We are a strong team even though we don't all work in the same place. However, we get together once a month for a team meeting and have a weekly check-in on Microsoft Teams ahead of the weekend. Time is always found if someone has been through a difficult or emotional assessment and needs to de-brief. Clinical supervision is also available to us if needed.

A monthly caseload review is held with our team Lead so that you can discuss any patient concerns whether that is the direction of support or complex cases.

You will receive excellent training including plenty of shadowing opportunities with our existing team.

Newton West PCN is entering an exciting time with small project opportunities which will include involvement of the Health & Wellbeing Team.

Details

Date posted

13 December 2023

Pay scheme

Other

Salary

£11.80 to £12.80 an hour Depending on experience

Contract

Permanent

Working pattern

Part-time

Reference number

A5093-23-0004

Job locations

Riverside Surgery

Le Molay-littry Way

Bovey Tracey

Newton Abbot

Devon

TQ13 9QP


Job description

Job responsibilities

Key Responsibilities

1. Working with direct supervision by a GP, take referrals from a wide range of agencies, including PCNs, GP practices and multi-disciplinary team, pharmacies, wider multi-disciplinary teams, hospital discharge teams, allied health professionals, fire service, police, job centres, social care services, housing associations, and voluntary, community and social enterprise (VCSE) organisations (list not exhaustive).

2. Provide personalised support to individuals, their families, and carers to take control of their health and wellbeing, live independently and improve their health outcomes, as a key member of the PCN multi-disciplinary team.

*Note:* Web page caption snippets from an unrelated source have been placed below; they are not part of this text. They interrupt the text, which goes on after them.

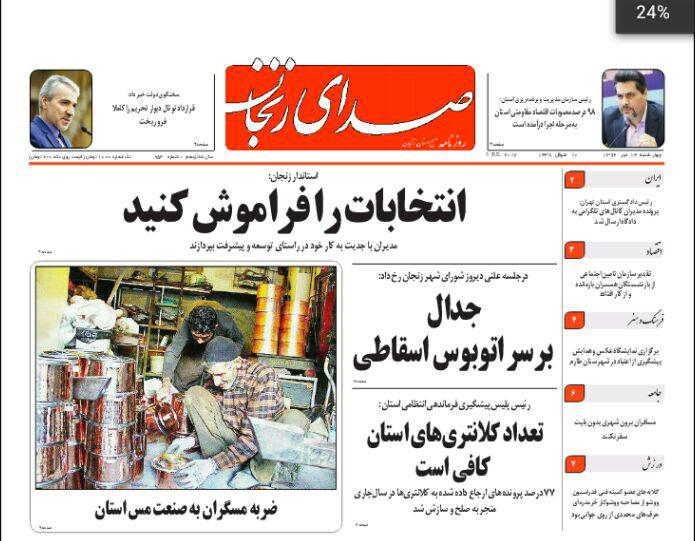 صفحه نخست روزنامه های استان&zwnj; زنجان چهارشنبه 14 تیر ماه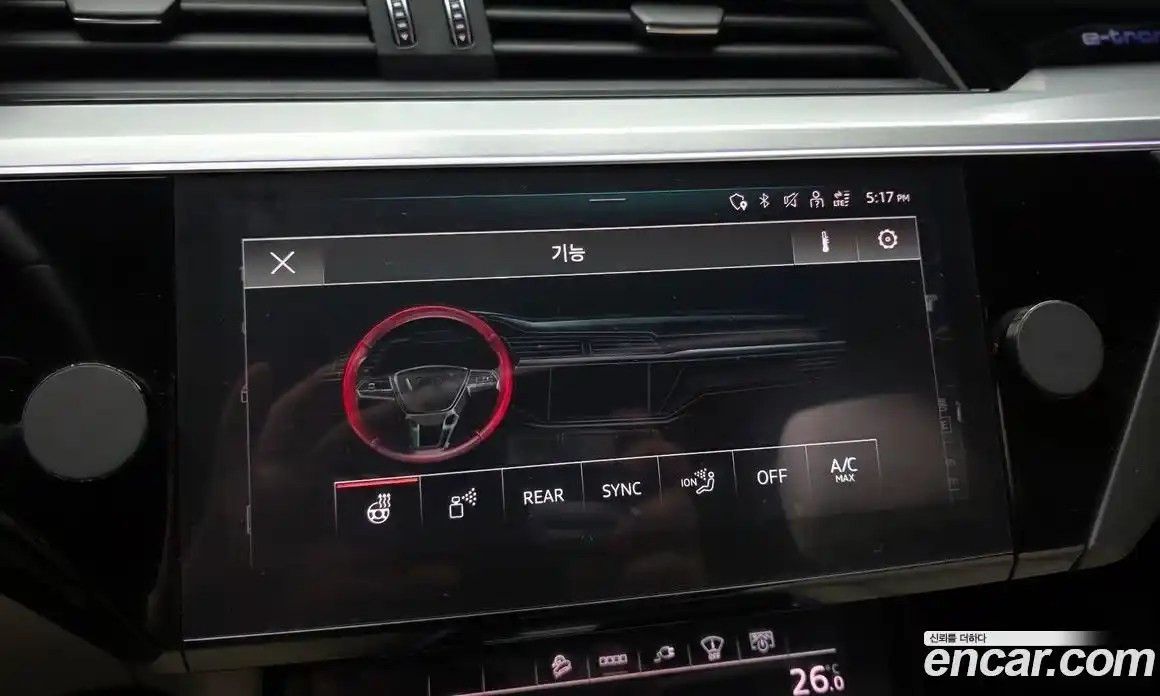 Audi e-tron 2021 0.2 гидро в Москве № 1617672, фото 32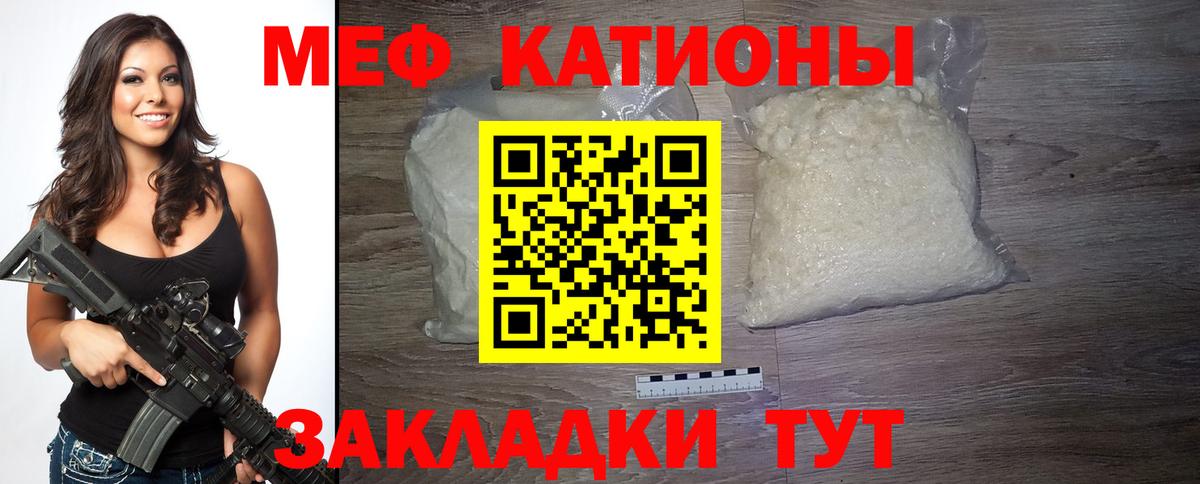 Мефедрон mephedrone  Мефедрон  МЯУ-МЯУ мяу мяу  Славянск-на-Кубани  Вход с VPN 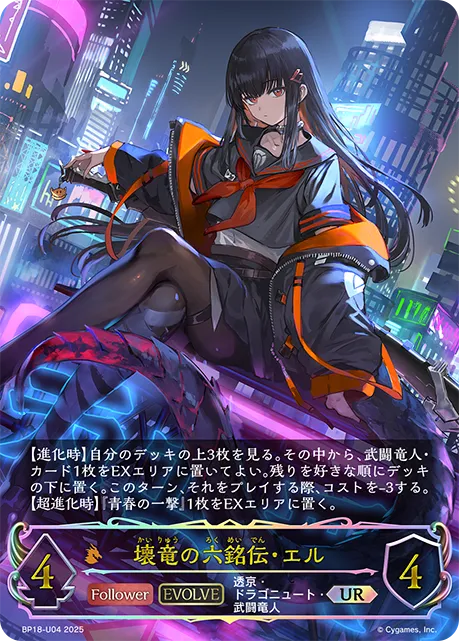 El, Destructive Dragon (Evolved)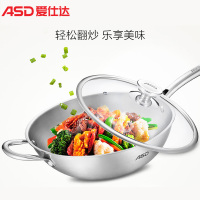爱仕达(ASD) 炒锅 TV1332 32cm三层复合材质 健康无涂层 少油烟电磁炉燃气灶通用 304不锈钢锅 送锅铲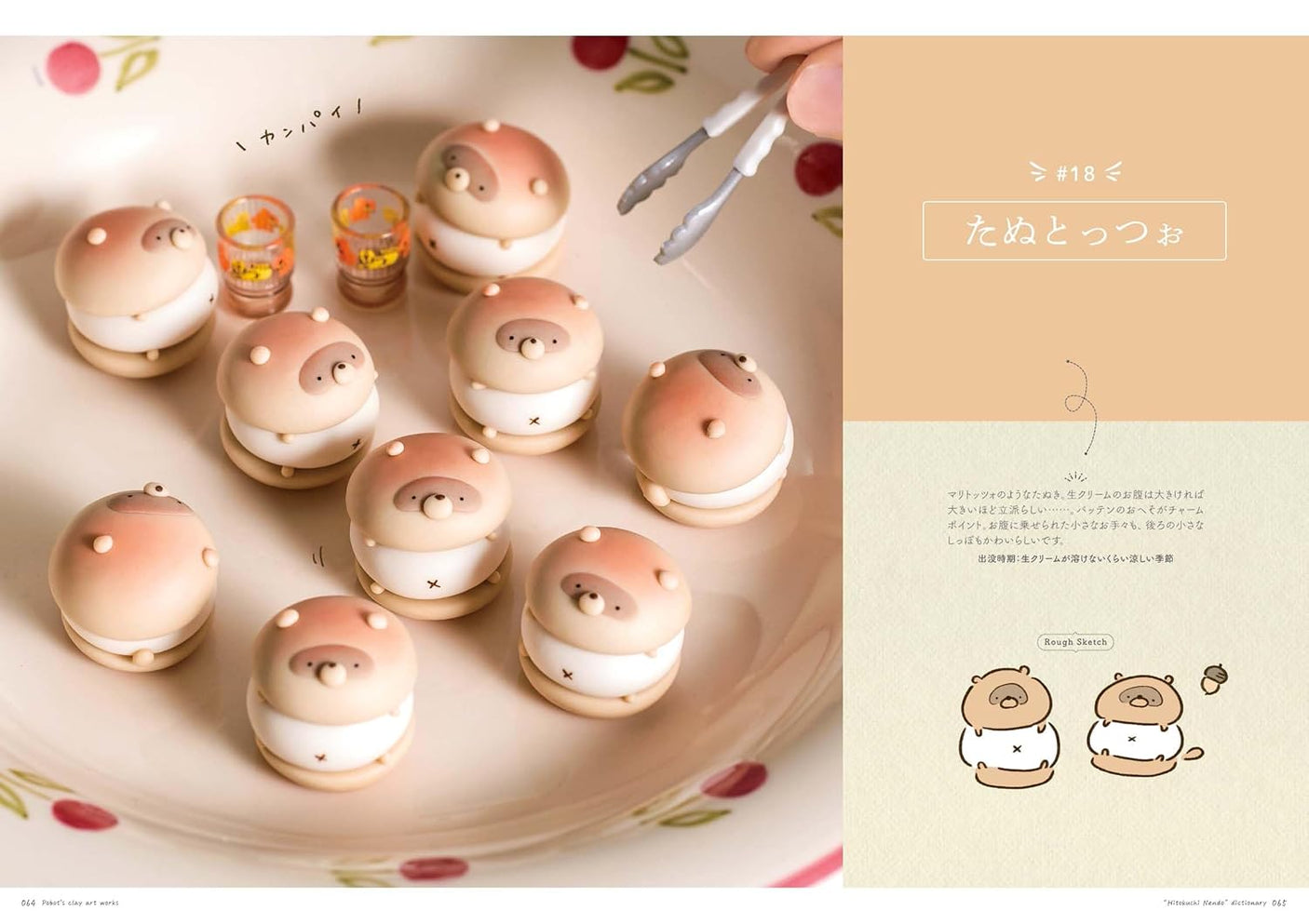Popotto's Bite-sized Clay Encyclopedia - Japanese Craft Book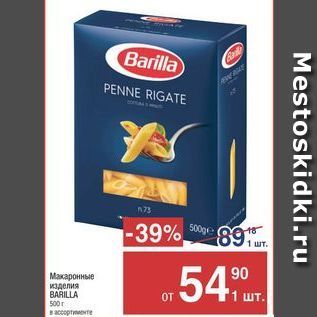 Акция - Макаронные изделия BARILLA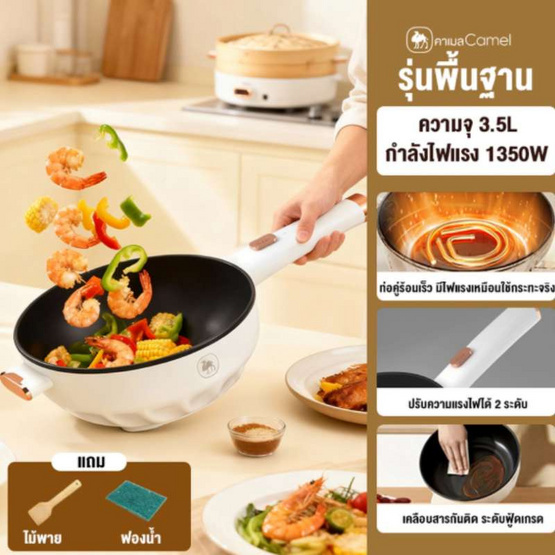 Camel กระทะไฟฟ้า 3.5 ลิตร รุ่นแมนนวล D239-35JX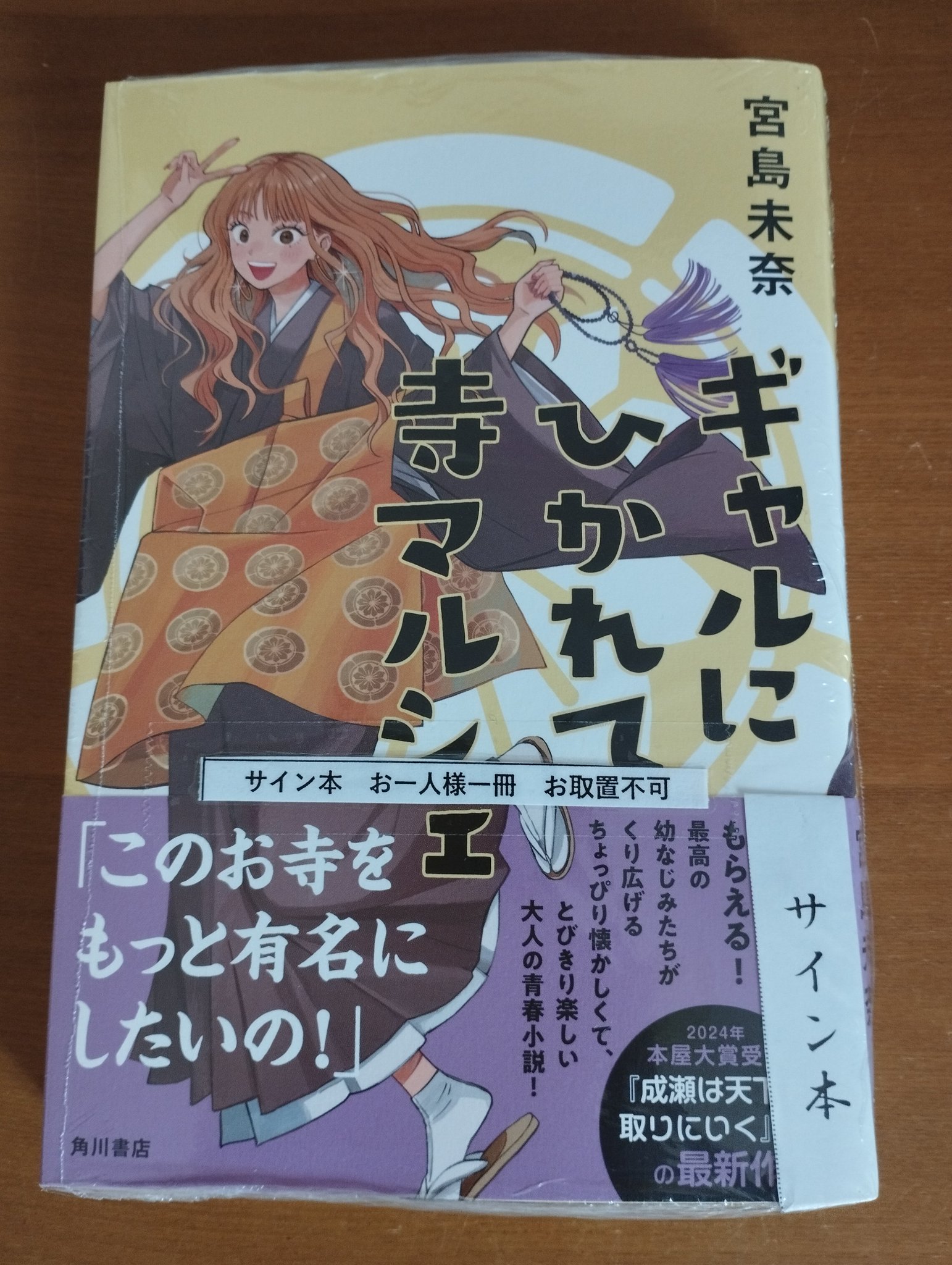 深町 てにて 吾朗 on X: 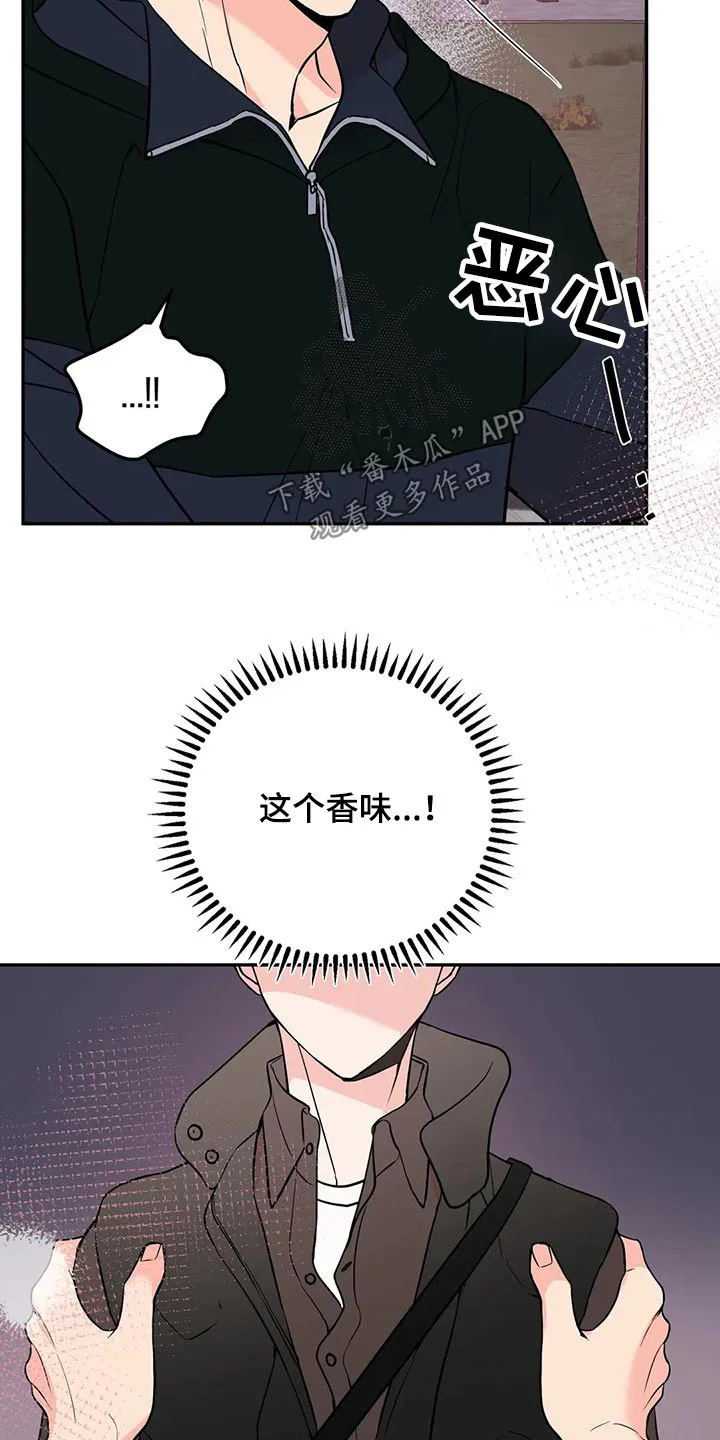 特性变异漫画,第46章：什么情况24图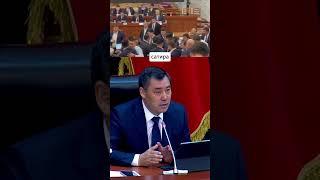 Президент Кыргызстана о драке депутатов #жапаров #кыргызстан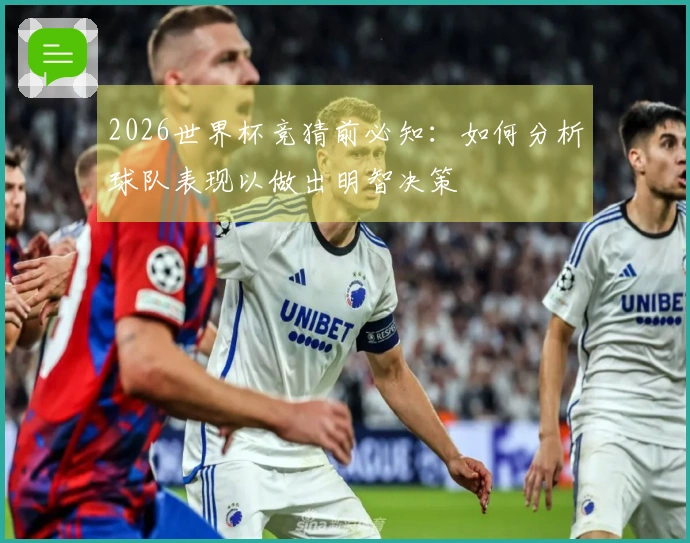 2026世界杯竞猜前必知：如何分析球队表现以做出明智决策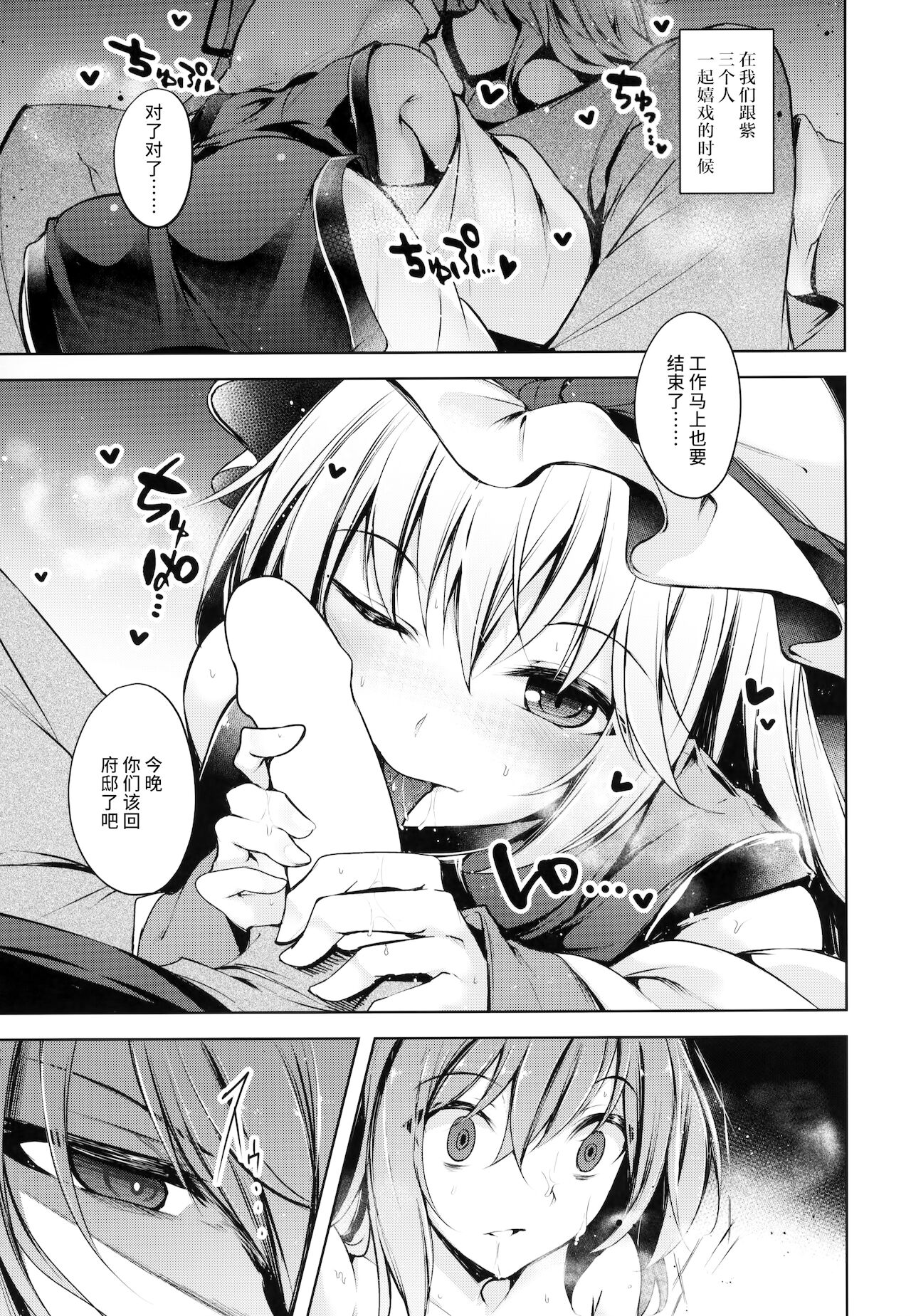 (C95) [みどりねこ (みどり)] ハクマヨスケジュールPM (東方Project) [中国翻訳]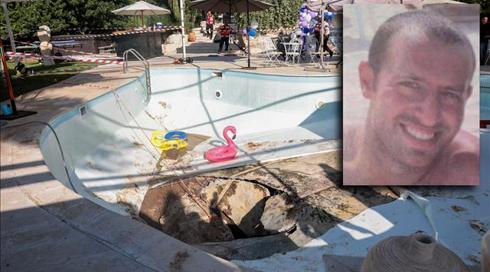 ערכו מאות מסיבות: בעלי הבריכה חשודים בגרימת מוות ברשלנות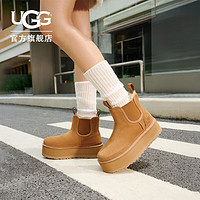 UGG 2023秋季女士休闲舒适纯色圆头厚底烟囱时尚切尔西短靴1134526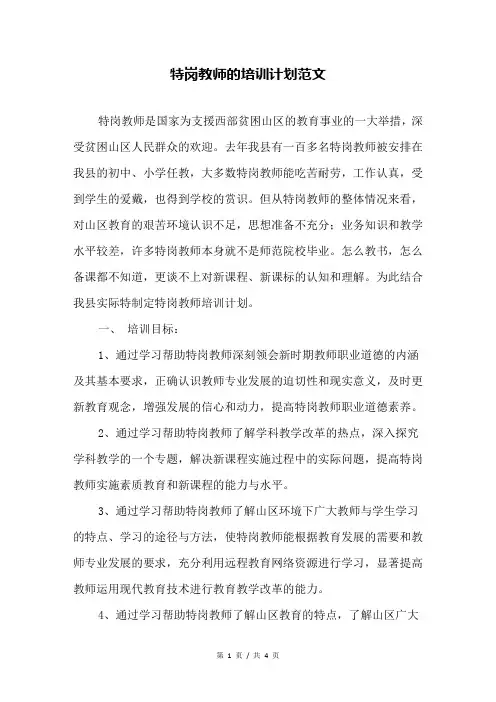 特岗教师的培训计划范文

Develop trusting relationships by giving people time and focus on what matters to me. Take a holistic approach, based on the persons priorities and the wider determinants of health. Co-produce a simple personalised care and support plan to improve health and wellbeing, introducing or reconnecting people to community groups and statutory services. The role will require managing and prioritising your own caseload, in accordance with the needs, priorities and any urgent support required by individuals on the caseload. It is vital that you have a strong awareness and understanding of when it is appropriate or necessary to refer people back to other health professionals/agencies, when the person's needs are beyond the scope of the link worker role e.g., when there is a mental health need requiring a qualified practitioner.

3. Contribute to projects undertaken by the PCN and other organisations to draw on and increase the strengths and capacities of local communities, enabling local organisations and community groups to receive social prescribing referrals.

4. Alongside other members of the PCN multi-disciplinary team, work collaboratively with all local partners to contribute towards supporting the local organisations and community groups to become sustainable and that community assets are nurtured, through sharing intelligence regarding any gaps or problems identified in local provision with commissioners and local authorities

5. Social prescribing link workers will have a role in educating non-clinical and clinical staff within their PCN multi-disciplinary teams on what other services are available within the community and how and when patients can access them. This may include verbal or written advice and guidance.

6. Social prescribing link workers will work with the PCNs, practices and local population to develop and maintain a volunteer pool, health champions and expert patients. They will work collaboratively with these individuals to utilise community assets and run groups / programmes that alleviate pressure off primary care and deliver health and wellbeing benefits to the local population.

Key Tasks

1. Promote social prescribing within Networks

Use materials, approaches, and systems to promote social prescribing within the PCN, its role in self-management, and the wider determinants of health.

As part of the PCN multi-disciplinary team, build relationships with staff in GP practices within the local PCN, attending relevant MDT meetings, giving information and feedback on social prescribing.

Be proactive in developing strong links with all local agencies to encourage referrals, recognising what they need to be confident in the service to make appropriate referrals.

Support PCN efforts to raise awareness of social prescribing and how partnership working can reduce pressure on statutory services, improve health outcomes and enable a holistic approach to care.

Provide a distribution channel to referral agencies with regular updates about social prescribing, including links training for their staff and how to access information to encourage appropriate referrals.

Contribute to programmes gaining regular feedback about the quality of service and impact of social prescribing on referral agencies.

Utilise systems and technology to proactively encourage self-referrals and connecting with all local communities, particularly those communities that statutory agencies may find hard to reach.

2. Provide personalised support

Use resources, technology, and materials effectively and efficiently to meet wider populations Social Prescribing Needs.

Be a friendly source of information about health, wellbeing, and prevention approaches.

Help people identify the wider issues that impact on their health and wellbeing, such as debt, poor housing, being unemployed, loneliness and caring responsibilities.

Work with the person, their families and carers and consider how they can all be supported through social prescribing.

Help people maintain or regain independence through living skills, adaptations, enablement approaches and simple safeguards.

Work with individuals to co-produce a simple personalised support plan to address the persons health and wellbeing needs based on the persons priorities, interests, values, and motivations including what they can expect from the groups, activities, and services they are being connected to and what the person can do for themselves to improve their health and wellbeing.

Where appropriate, physically introduce people to community groups, activities, and statutory services, ensuring they are comfortable. Follow up to ensure they are happy, able to engage, included and receiving good support.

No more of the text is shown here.